To summarize: Win x86 CFG had ~15% overhead on the 27.5 MB test (16.398 vs 14.179 seconds) Win x86 CFG failed to complete the 275 MB test due to memory allocation errors. Win x64 CFG had ~25% overhead on the 27.5 MB test (13.044 vs 10.510 seconds) Win x64 CFG had ~15% overhead on the 275 MB test (124.365 vs 107.952 seconds)

These results seem consistent with what Microsoft wrote, that about 12% performance overhead for CFG is normal.

While this overhead is more than I'd like, this is far better than the previous problems and according to the author, was at least partially fixed on Windows 10 17134.

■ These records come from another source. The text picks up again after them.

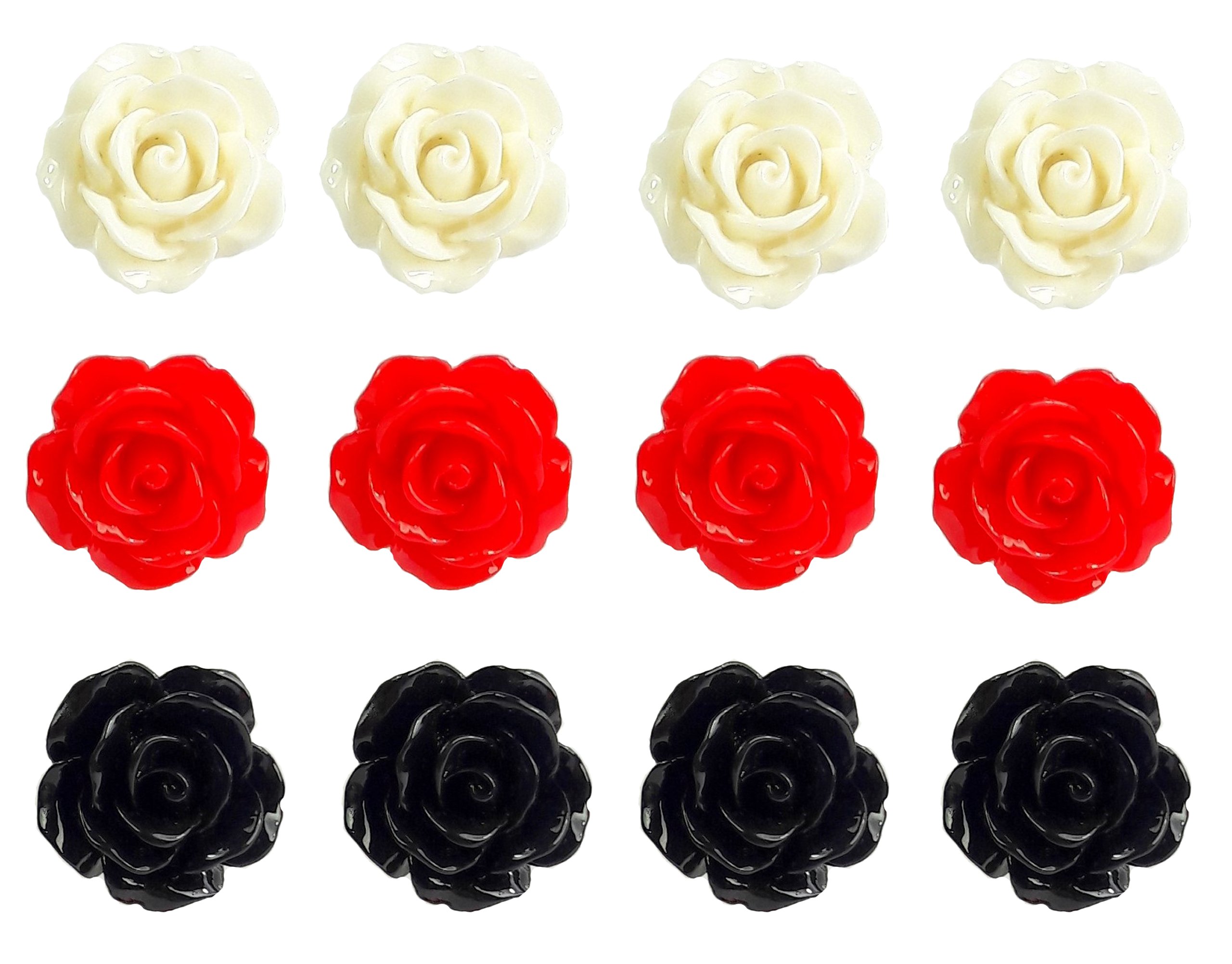 

KH519 Kolczyki Róże 6 par -hurt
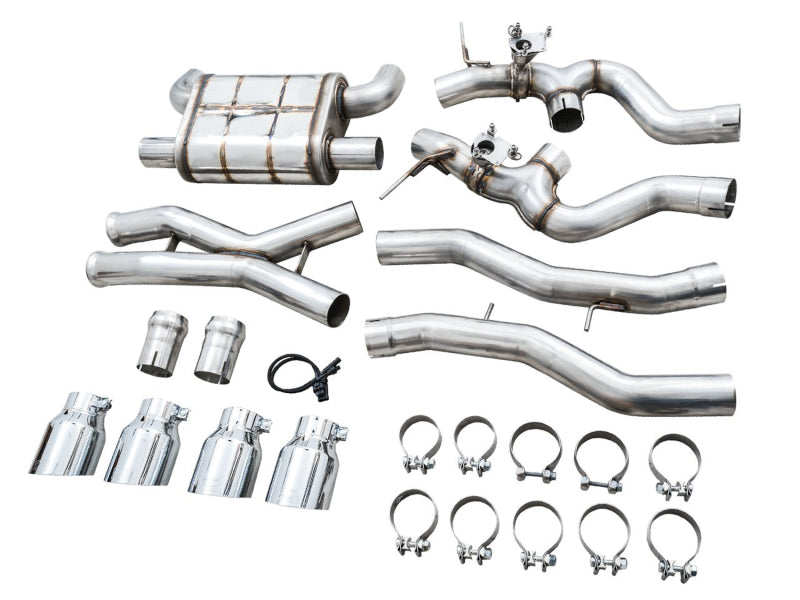 AWE SwitchPath Catback Exhaust for BMW G8X M3/M4 - Chrome Silver Tips - DTX Performance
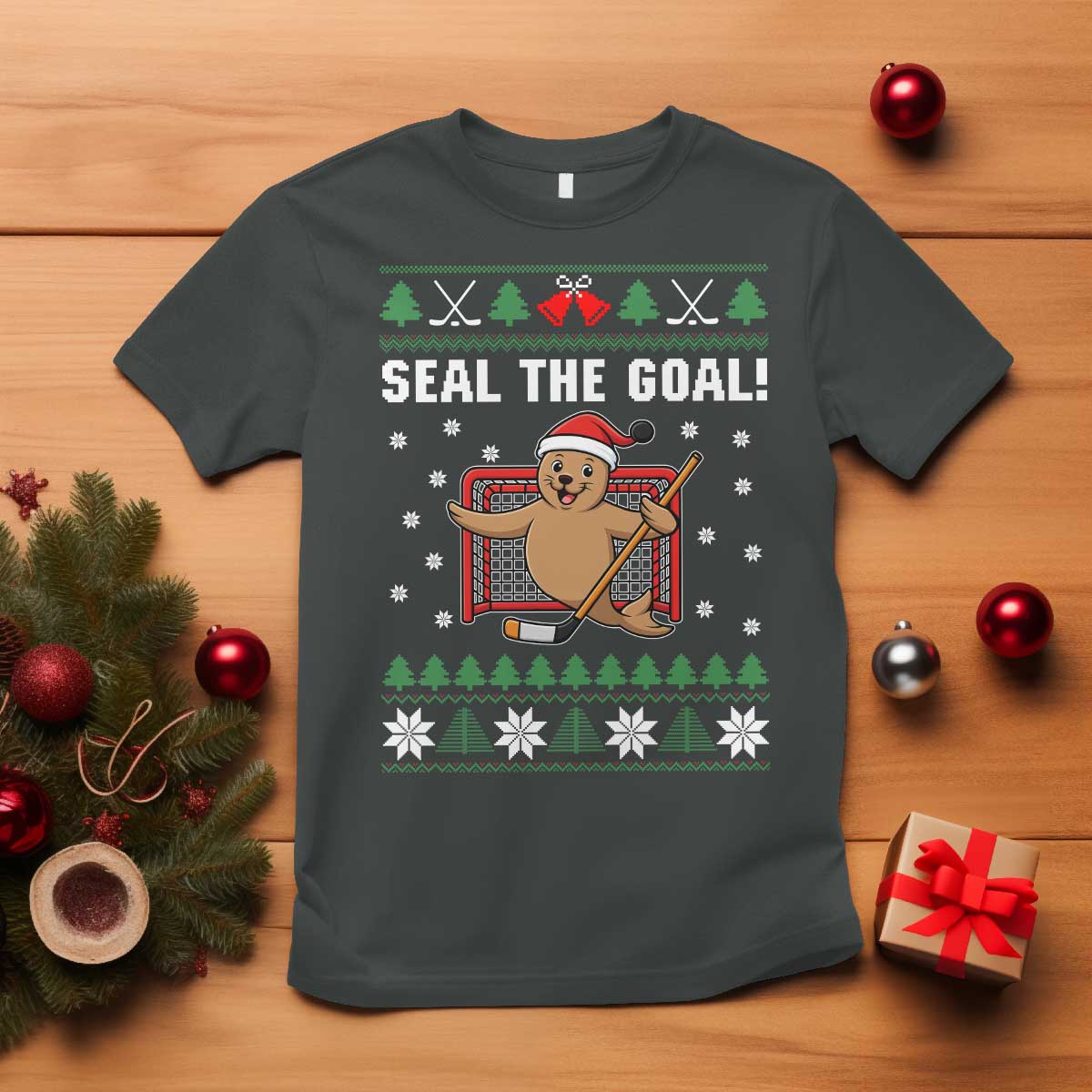 Funny Seal The Goal T Shirt Goalie Ice Hockey Player Gift TS12 Dark Heather Print Your Wear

I'm still in favor of compiling with CFG, but it's ultimately your call.

Test notes below:

Test files were made with the following Python script:

orig_path = r"C:\Users\moshe\Desktop\cfg_testing\lexilla\test\examples\cpp\Editor.cxx"
test_path = r"C:\Users\moshe\Desktop\cfg_testing\lexilla\test\examples\cpp\Editor_1000.cxx"

editor_data = open(orig_path, 'rb').read()
with open(test_path, 'wb') as fh:
    for i in range(1000):
        fh.write(editor_data)
Win x86 tests:

I tested with a 27.5 MB file (`Editor.cxx` copied 100 times):
Max memory used during testing was about 200 MB

Five runs without CFG (measured in seconds):
14.179
14.472
14.493
14.712
14.789

Five runs with CFG:
16.398
16.665
16.694
16.805
16.870

This was about a 15% overhead.
Win x64 tests:

For the 275MB file:
Max memory used during testing was about 2 GB

Five runs without CFG (measured in seconds):
107.952
108.339
110.020
112.264
112.948

Five runs with CFG:
124.365
124.996
125.210
126.305
127.501

I then rested with a 27.5 MB file (`Editor.cxx` copied 100 times):
Max memory used during testing was about 200 MB

Five runs without CFG (measured in seconds):
10.510
10.732
10.938
10.949
11.100

Five runs with CFG:
13.044
13.205
13.244
13.291
13.435
nyamatongwe commented 2 years ago

Ouch! That is worse than I was hoping for. As well as taking longer, it also means that more energy is used which is an area of concern for the Notepad++ project.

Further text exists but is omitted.